International Journal of Mathematics and Mathematical Sciences
Volume 2003 (2003), Issue 32, Pages 2053-2059
doi:10.1155/S0161171203207146
Subordination criteria for starlikeness and convexity
1Department of Mathematics, Faculty of Sciences, University of Urmia, Western Azerbaijan, Iran
2Department of Mathematical Sciences, Kent State University, Burton 44021-9500, OH, USA
Received 21 May 2002
Copyright © 2003 Rasoul Aghalary and Jay M. Jahangiri.

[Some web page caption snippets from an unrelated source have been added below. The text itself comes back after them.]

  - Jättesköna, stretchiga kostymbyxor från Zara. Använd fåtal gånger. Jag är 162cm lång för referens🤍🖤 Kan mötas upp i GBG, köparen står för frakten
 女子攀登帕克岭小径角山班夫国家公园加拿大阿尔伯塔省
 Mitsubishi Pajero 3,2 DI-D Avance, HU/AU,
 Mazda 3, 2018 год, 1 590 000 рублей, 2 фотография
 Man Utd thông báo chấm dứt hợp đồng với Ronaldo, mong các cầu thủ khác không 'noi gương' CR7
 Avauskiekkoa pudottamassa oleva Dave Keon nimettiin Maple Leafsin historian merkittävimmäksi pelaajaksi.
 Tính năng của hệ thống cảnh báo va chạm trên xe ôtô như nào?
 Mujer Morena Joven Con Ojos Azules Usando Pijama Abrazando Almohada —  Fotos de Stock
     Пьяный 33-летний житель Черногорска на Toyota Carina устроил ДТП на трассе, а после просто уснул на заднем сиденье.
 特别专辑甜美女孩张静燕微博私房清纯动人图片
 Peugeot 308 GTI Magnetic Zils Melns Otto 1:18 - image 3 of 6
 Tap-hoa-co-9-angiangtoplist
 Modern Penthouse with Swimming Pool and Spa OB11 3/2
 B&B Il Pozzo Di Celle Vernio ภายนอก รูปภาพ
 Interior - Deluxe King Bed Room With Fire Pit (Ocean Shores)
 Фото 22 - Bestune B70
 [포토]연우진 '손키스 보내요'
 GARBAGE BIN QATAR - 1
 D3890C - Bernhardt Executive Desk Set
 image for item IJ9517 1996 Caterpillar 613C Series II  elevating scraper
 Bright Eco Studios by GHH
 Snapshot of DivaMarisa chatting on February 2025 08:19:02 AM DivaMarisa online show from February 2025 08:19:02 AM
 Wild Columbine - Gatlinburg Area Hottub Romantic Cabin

This is an open access article distributed under the Creative Commons Attribution License, which permits unrestricted use, distribution, and reproduction in any medium, provided the original work is properly cited.
Abstract
For functions p analytic in the open unit disc U={z:|z|<1} with the normalization p(0)=1, we consider the families 𝒫[A,−1], −1<A≤1, consisting of p such that p(z) is subordinate to (1+Az)/(1−z) in U and 𝒫(1,b), b>0,
consisting of p, which have the disc formulation |p−1|<b in U. We then introduce subordination criteria for the choice of
p(z)=zf′(z)/f(z), where f is analytic in U and normalized by f(0)=f′(0)−1=0. We also obtain starlikeness and convexity
conditions for such functions f and consequently extend and, in
some cases, improve the corresponding previously known results.